■ WORK TO BE COMPLETED ■
From the material below, retype exactly the lines that begin at the line with "Kitchen with a wealth" and end after the line with "A bunk bed room"; pictures stay out of the copy.

■ MATERIAL TO PROCESS ■
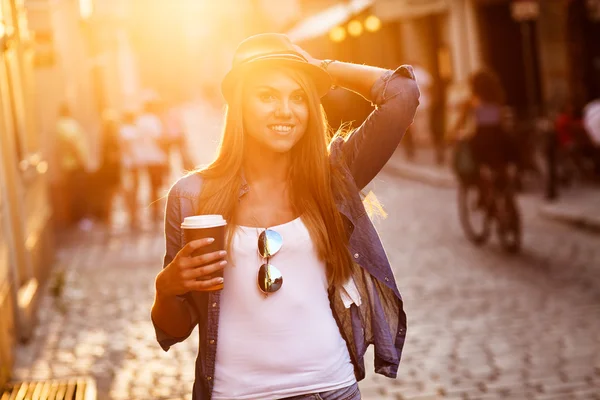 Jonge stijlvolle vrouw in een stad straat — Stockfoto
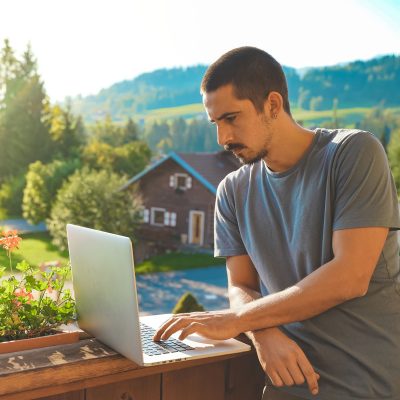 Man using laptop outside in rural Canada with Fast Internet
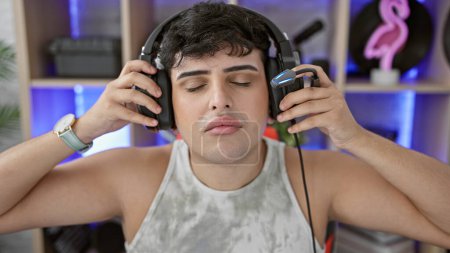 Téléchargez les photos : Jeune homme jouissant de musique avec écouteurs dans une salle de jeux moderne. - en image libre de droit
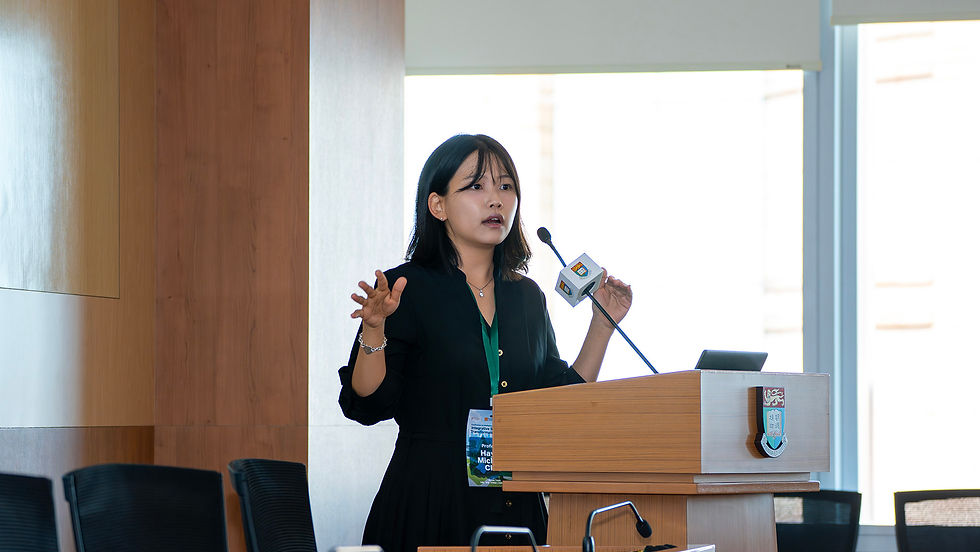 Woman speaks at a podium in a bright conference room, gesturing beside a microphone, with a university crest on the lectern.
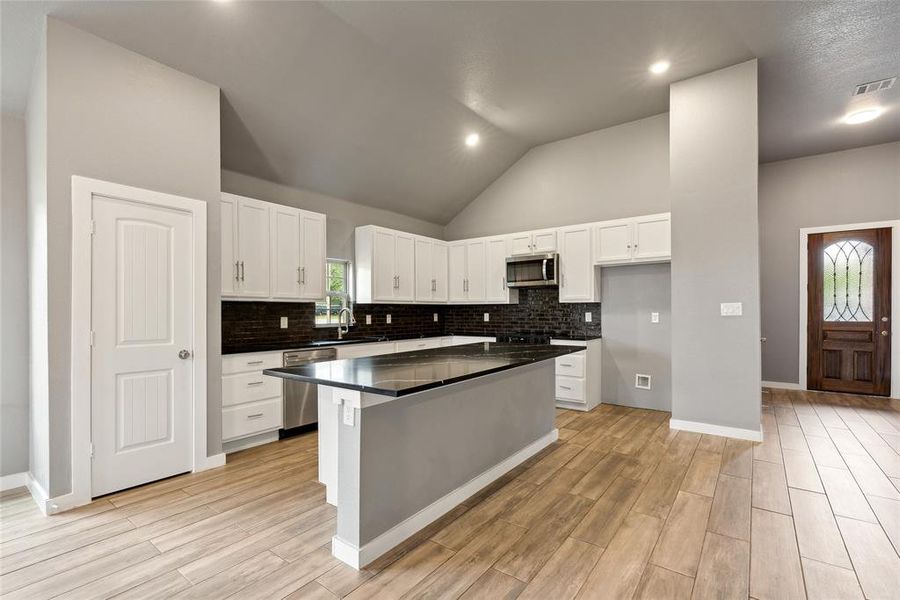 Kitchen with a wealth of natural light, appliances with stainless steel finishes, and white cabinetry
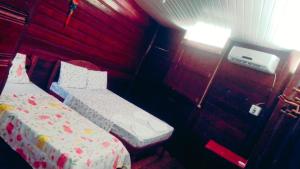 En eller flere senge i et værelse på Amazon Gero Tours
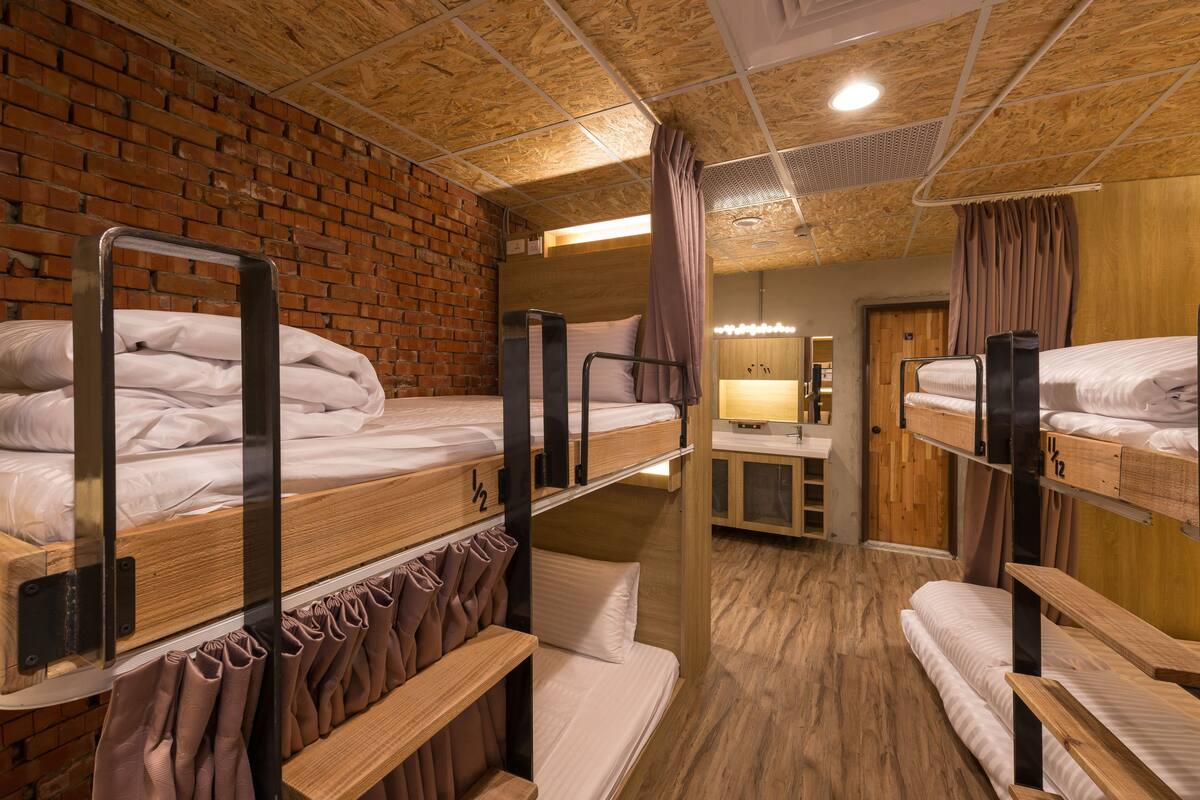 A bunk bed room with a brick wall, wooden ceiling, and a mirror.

...

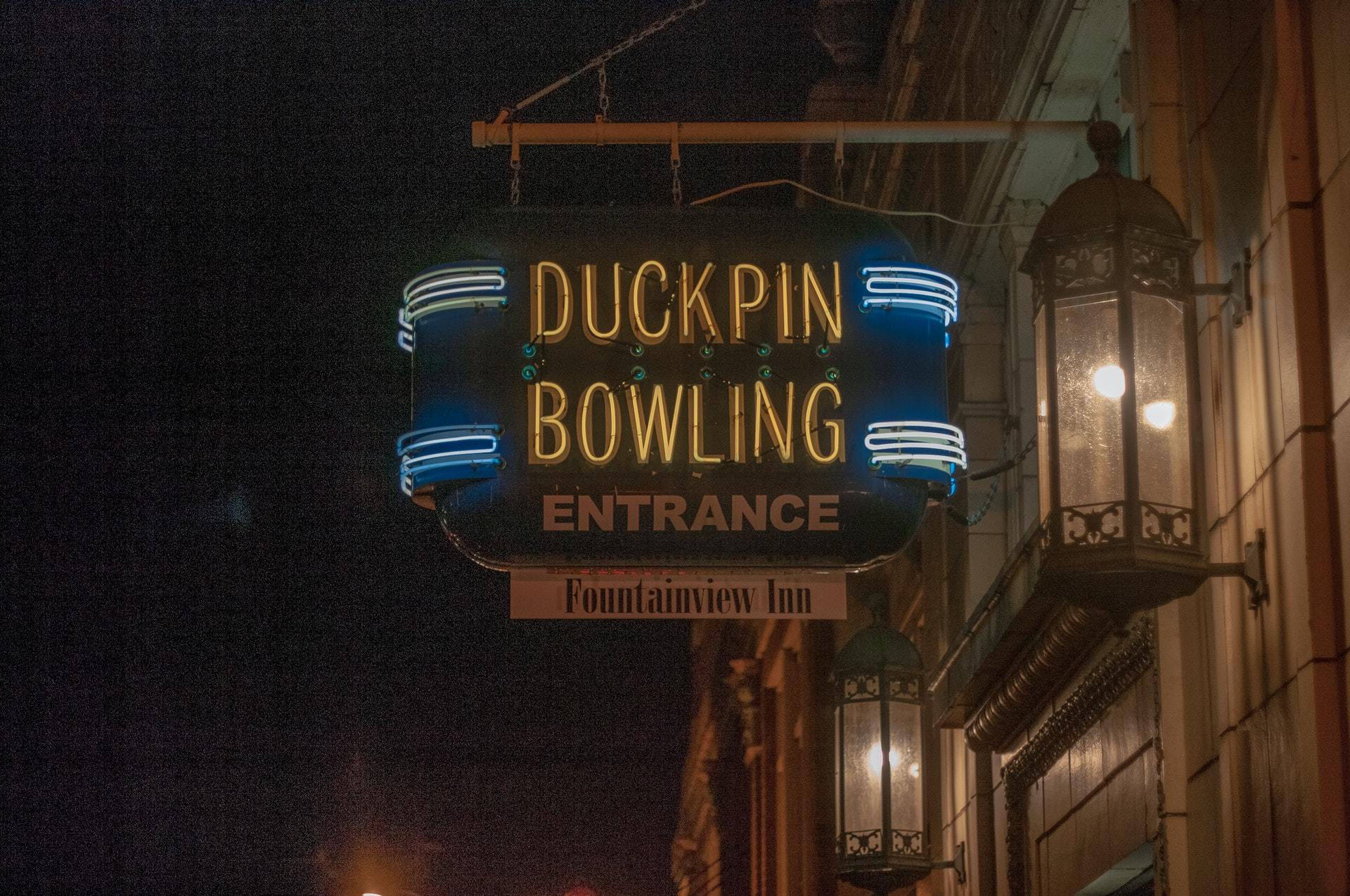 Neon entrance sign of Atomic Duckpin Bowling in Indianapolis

--

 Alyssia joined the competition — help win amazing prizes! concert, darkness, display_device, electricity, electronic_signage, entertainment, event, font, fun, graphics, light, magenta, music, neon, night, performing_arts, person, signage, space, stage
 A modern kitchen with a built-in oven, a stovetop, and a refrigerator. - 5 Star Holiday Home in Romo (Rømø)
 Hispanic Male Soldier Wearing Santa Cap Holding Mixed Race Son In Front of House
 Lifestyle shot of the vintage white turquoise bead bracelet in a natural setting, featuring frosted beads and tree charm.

■ SOLUTION ■
 Kitchen with a wealth of natural light, appliances with stainless steel finishes, and white cabinetry
 En eller flere senge i et værelse på Amazon Gero Tours
 A bunk bed room with a brick wall, wooden ceiling, and a mirror.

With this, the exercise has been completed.